Was ich Ihnen gerade beschrieben habe, ist das "harmonische" Leben eines gewöhnlichen Chinesen. Dass lebenden Falun Gong-Praktizierenden die Organe entnommen werden und die zahlreichen anderen Opfer in ganz China habe ich noch nicht einmal erwähnt.
Was ist der wahre Zweck der Olympischen Spiele? Handelt es sich einfach nur um eine hübsche Show, die auf wirtschaftlichen Erfolg ausgerichtet ist, oder soll sie uns Menschlichkeit, Freundschaft und Mut in Erinnerung rufen?
Die Antwort ist nicht schwer zu finden, wenn man tief im Inneren, seinem Gewissen, sucht.
Als Martin Luther King seine berühmte Rede hielt, "I Have a Dream", hörten ihm Menschen aller Hautfarben zu. Ich hoffe, Sie teilen einen Teil seines Mutes und seiner Bereitwilligkeit, die Gerechtigkeit aufrecht zu erhalten.
Ein chinesischer Bürger
Geschrieben am 24.August 2007
Brief des Kongressabgeordneten Adam Schiff
Am 16. November schrieb der Kongress-Abgeordnete Adam Schiff an den Präsidenten des Pekinger Organisationskomitees für die Olympischen Spiele, Herrn Liu Qi, Präsident des Vorbereitungskomitees der Olympischen Spiele bezüglich der Menschenrechte in China. Es folgen einige Auszüge aus dem Brief.here.

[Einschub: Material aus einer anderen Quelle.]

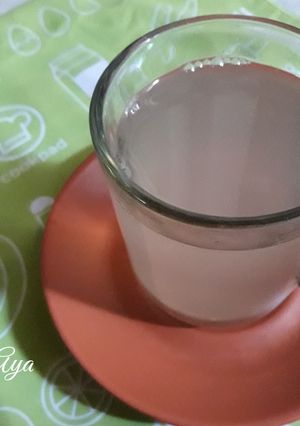 Foto resep Autoimun Drink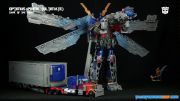 DOTM Optimus Prime (Ultimate)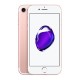 CELULAR APPLE IPHONE 7 ORO ROSA IOS 12 MEGAPIXELES ALMACENAMIENTO DE 128 GB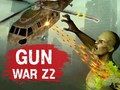 Trò chơi Cuộc Chiến Vũ Khí Z2 trực tuyến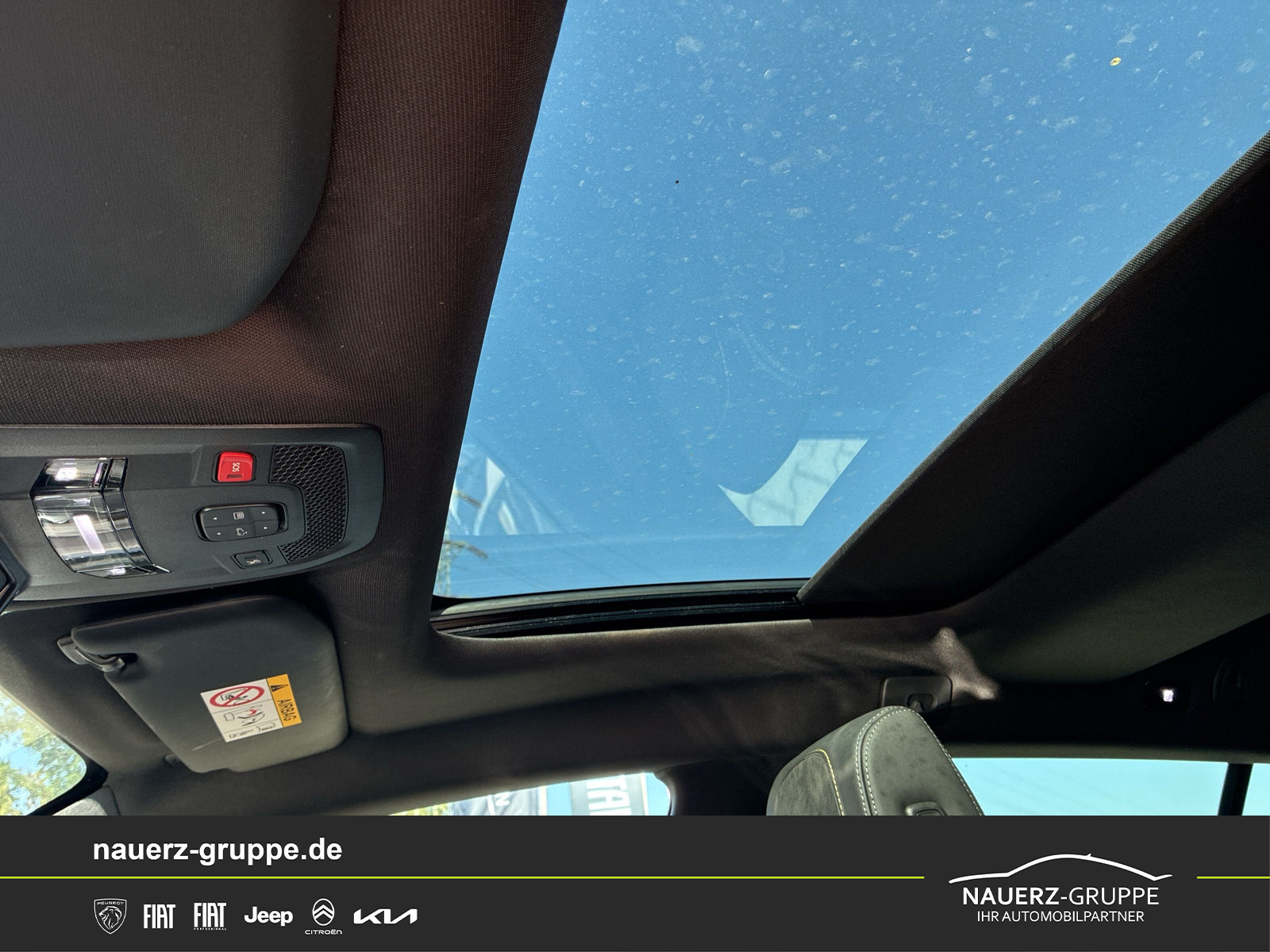 Fahrzeugabbildung Peugeot 508 SW Hybrid 4 360 PSE - mit KI generiert/bearbeitet
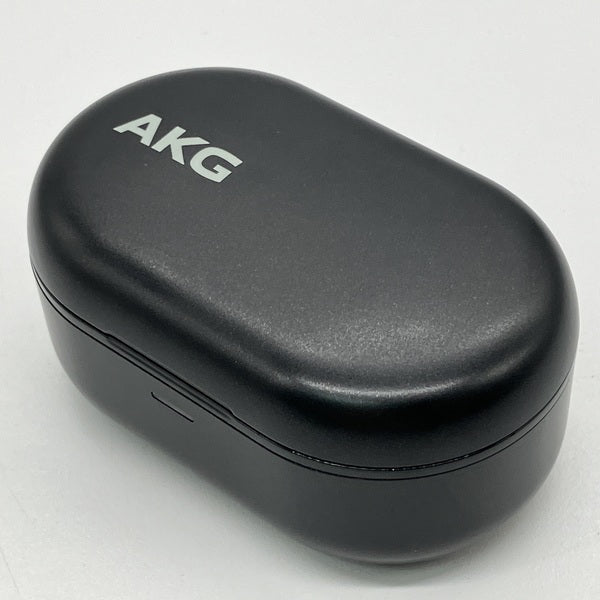 AKG 【中古】N5 Hybrid ブラック【AKGN5HYBRIDBLK】【日本橋】 – e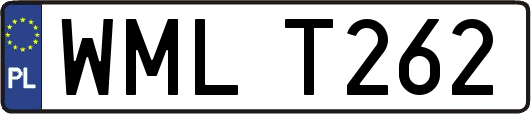 WMLT262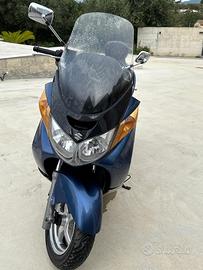 Suzuki Suzuki Burgman 400 – Ottime condizion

"...wir sind auch weiterhin zutiefst besorgt über die fehlende Verbesserung der Menschenrechtssituation in China. Trotz eindeutiger Versprechen durch chinesische Regierungsbeamte im Jahr 2001, hat die chinesische Regierung keine ernsthaften Schritte unternommen, um die Grundrechte und Grundfreiheiten zu erweitern."
"Im Jahr 2001 sagte ein Vertreter des Pekinger Bewerberkomitees, 'Dass die Olympischen Spiele Peking anvertraut werden, ist ein Beitrag zur Entwicklung der Menschenrechte.' Sechs Jahre später sind die Verbesserungen bei der Pressefreiheit oder Online-Freiheit minimal."
"Wir sind beunruhigt, weil die Journalisten in China gezwungen werden, die Anweisungen des Propaganda-Ministeriums zu akzeptieren, was die Zensur vieler Themen zur Folge hat. Der Staat behält umfassende Kontrolle über die Nachrichten und wendet autoritäre Gesetze an, um Journalisten und Redakteure größtenteils freier Medien zu bestrafen. Sie werden der Subversion, Preisgabe von Staatsgeheimnissen und Spionage beschuldigt. Selbst-Zensur ist die Regel in Redaktionen. Im Ausland ansässige chinesisch-sprachige Medien werden blockiert, bedroht und unter Druck gesetzt, einschließlich von den USA gesponserte Medien, und somit die Entwicklung jedes Medienpluralismus verhindert."
"In der Vergangenheit konnten die Olympischen Spiele helfen, Grundfreiheiten in Ländern zu etablieren, die sich von einem autoritären Regierungssystem befreien wollten. Heute könnten allerdings die fehlenden Bemühungen der chinesischen Regierung die Ziele und Ideale der Olympischen Spiele zerschlagen."
"Sehr geehrter Herr Präsident, wir glauben, dass Ihr Urteilsvermögen Sie befähigen wird, das zu tun was jeder von Ihnen erwartet - vor Beginn der Olympischen Spiele 2008 Maßnahmen im Namen der Freiheit in China zu ergreifen."
Neun Kongress-Abgeordnete, einschließlich Adam Schiff, haben den Brief unterzeichnet.